-- Opening Marker --
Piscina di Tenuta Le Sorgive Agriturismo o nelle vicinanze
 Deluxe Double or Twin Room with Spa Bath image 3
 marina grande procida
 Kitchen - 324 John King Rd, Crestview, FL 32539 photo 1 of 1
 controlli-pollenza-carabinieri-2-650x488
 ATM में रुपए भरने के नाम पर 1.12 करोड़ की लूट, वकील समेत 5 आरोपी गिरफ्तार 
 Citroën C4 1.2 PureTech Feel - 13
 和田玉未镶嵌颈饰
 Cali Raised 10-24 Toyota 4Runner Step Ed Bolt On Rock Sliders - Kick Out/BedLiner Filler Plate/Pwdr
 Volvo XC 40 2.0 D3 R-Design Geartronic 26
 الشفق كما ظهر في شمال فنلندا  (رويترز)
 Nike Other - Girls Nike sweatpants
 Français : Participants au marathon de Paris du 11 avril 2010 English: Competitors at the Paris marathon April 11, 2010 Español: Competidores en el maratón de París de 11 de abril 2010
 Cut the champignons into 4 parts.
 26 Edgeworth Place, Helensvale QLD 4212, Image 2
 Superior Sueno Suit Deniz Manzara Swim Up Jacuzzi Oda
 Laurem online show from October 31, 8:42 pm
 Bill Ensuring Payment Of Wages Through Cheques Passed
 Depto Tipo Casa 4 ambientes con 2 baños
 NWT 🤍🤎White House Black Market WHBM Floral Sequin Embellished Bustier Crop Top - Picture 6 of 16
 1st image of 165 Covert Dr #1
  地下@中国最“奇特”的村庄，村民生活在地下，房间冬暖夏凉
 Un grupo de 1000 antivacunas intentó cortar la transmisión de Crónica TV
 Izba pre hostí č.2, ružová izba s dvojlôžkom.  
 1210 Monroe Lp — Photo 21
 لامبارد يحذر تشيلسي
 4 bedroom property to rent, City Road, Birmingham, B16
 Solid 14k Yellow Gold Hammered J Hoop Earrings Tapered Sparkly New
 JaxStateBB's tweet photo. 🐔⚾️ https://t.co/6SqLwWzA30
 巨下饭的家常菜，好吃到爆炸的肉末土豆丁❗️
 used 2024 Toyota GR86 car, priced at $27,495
-- Closing Marker --
**Problem statement**. For the listing above, give the number of lines that contain the string "Toyota" and nothing else.

**Response box**. 2